*** Opening DATA FOR THIS TASK ***

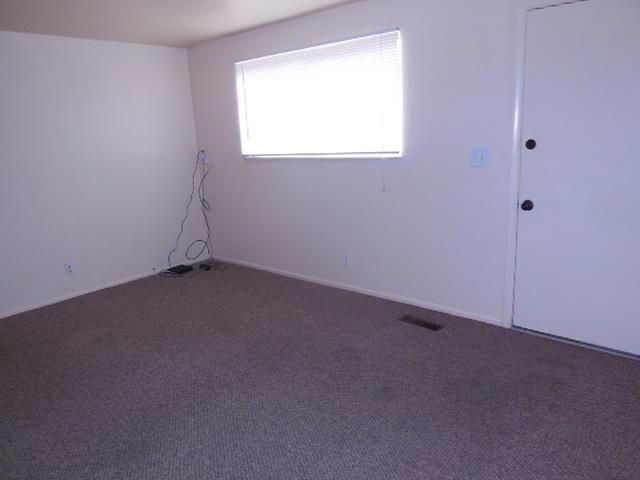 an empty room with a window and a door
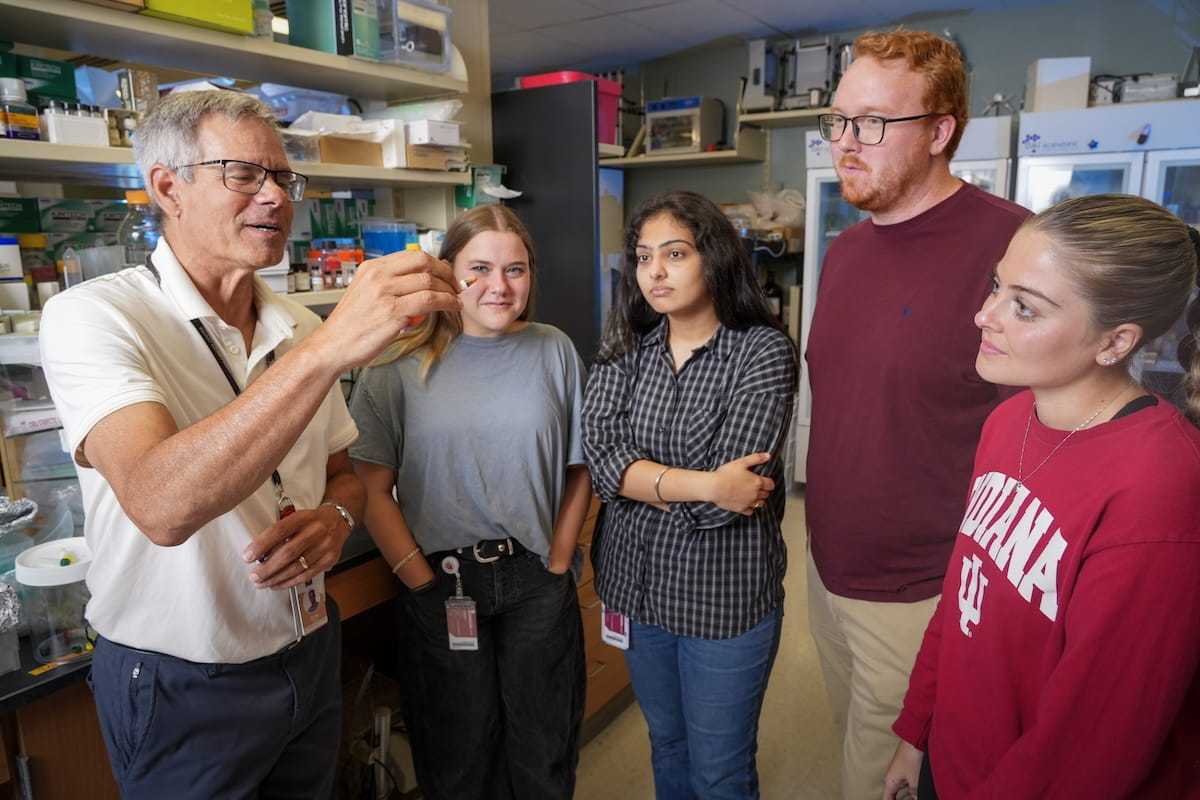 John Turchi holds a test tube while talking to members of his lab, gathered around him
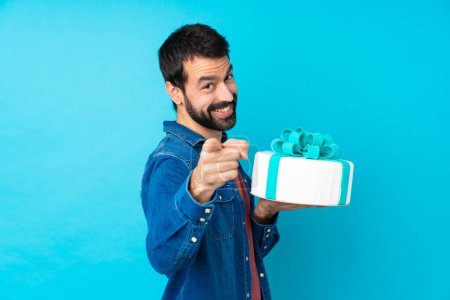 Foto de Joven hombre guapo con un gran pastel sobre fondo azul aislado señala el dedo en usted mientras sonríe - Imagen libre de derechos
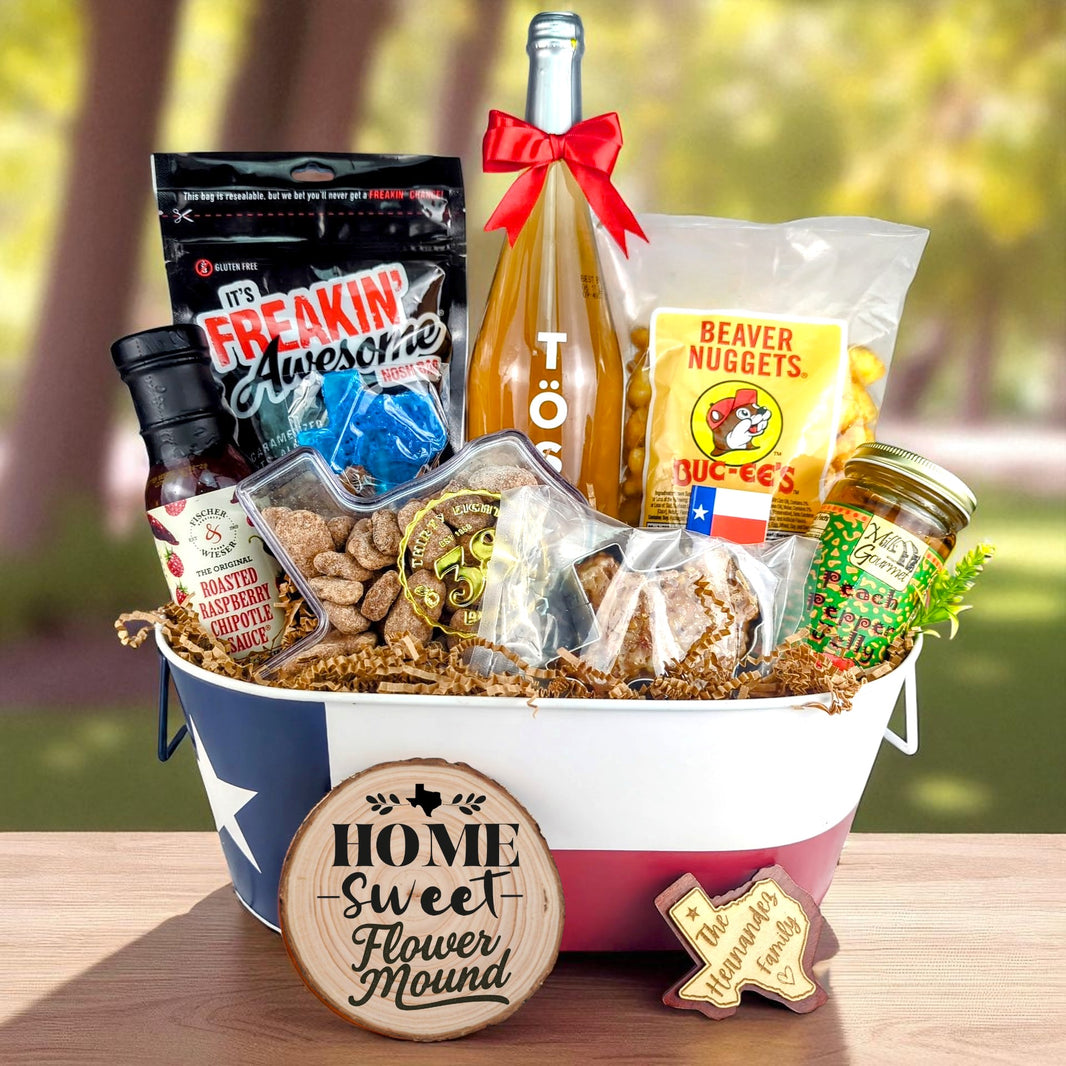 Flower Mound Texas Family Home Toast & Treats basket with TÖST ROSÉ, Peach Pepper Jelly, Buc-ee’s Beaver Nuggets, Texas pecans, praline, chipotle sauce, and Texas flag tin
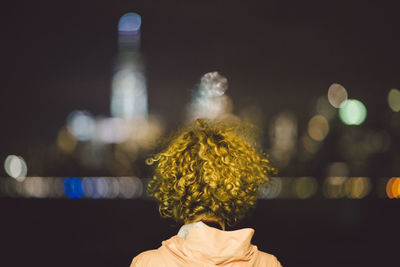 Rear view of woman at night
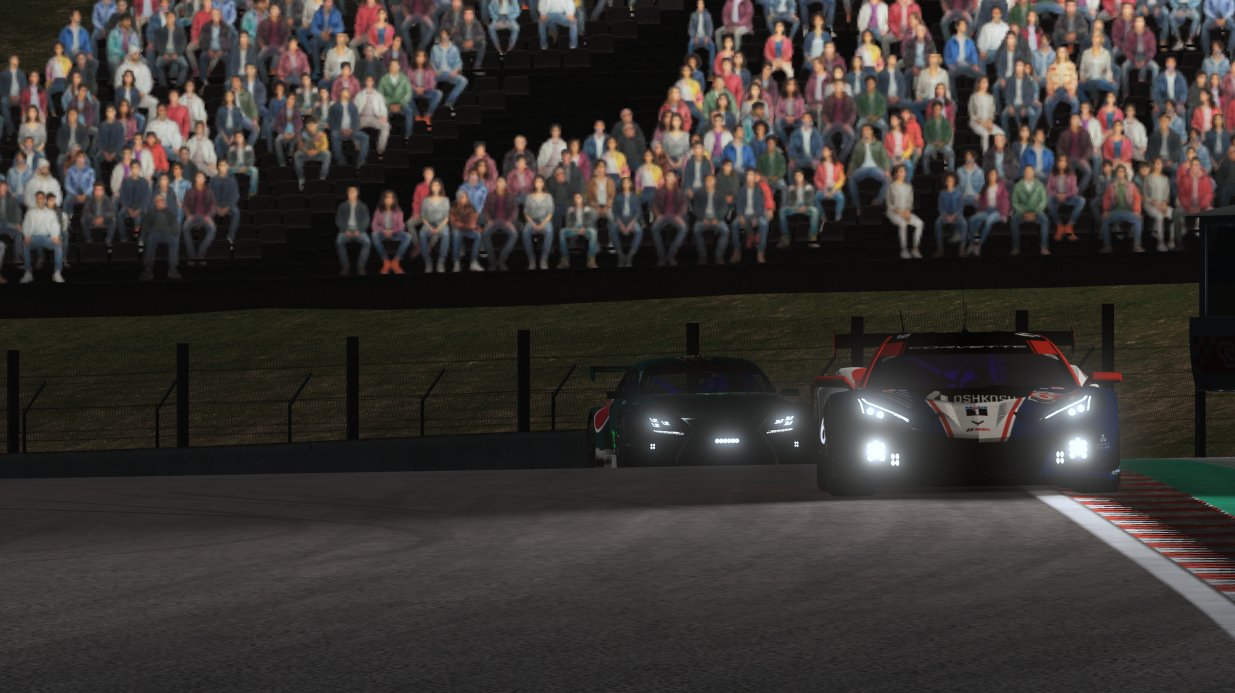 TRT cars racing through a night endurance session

*** Closing DATA FOR THIS TASK ***

- [ACTION ITEM] Give back the full listing exactly as written, only without its pictures.

- [OUTPUT FOR THIS TASK]
 an empty room with a window and a door
 John Turchi holds a test tube while talking to members of his lab, gathered around him
 Foto de Joven hombre guapo con un gran pastel sobre fondo azul aislado señala el dedo en usted mientras sonríe - Imagen libre de derechos
 Flower Mound Texas Family Home Toast & Treats basket with TÖST ROSÉ, Peach Pepper Jelly, Buc-ee’s Beaver Nuggets, Texas pecans, praline, chipotle sauce, and Texas flag tin
 Rear view of woman at night
 TRT cars racing through a night endurance session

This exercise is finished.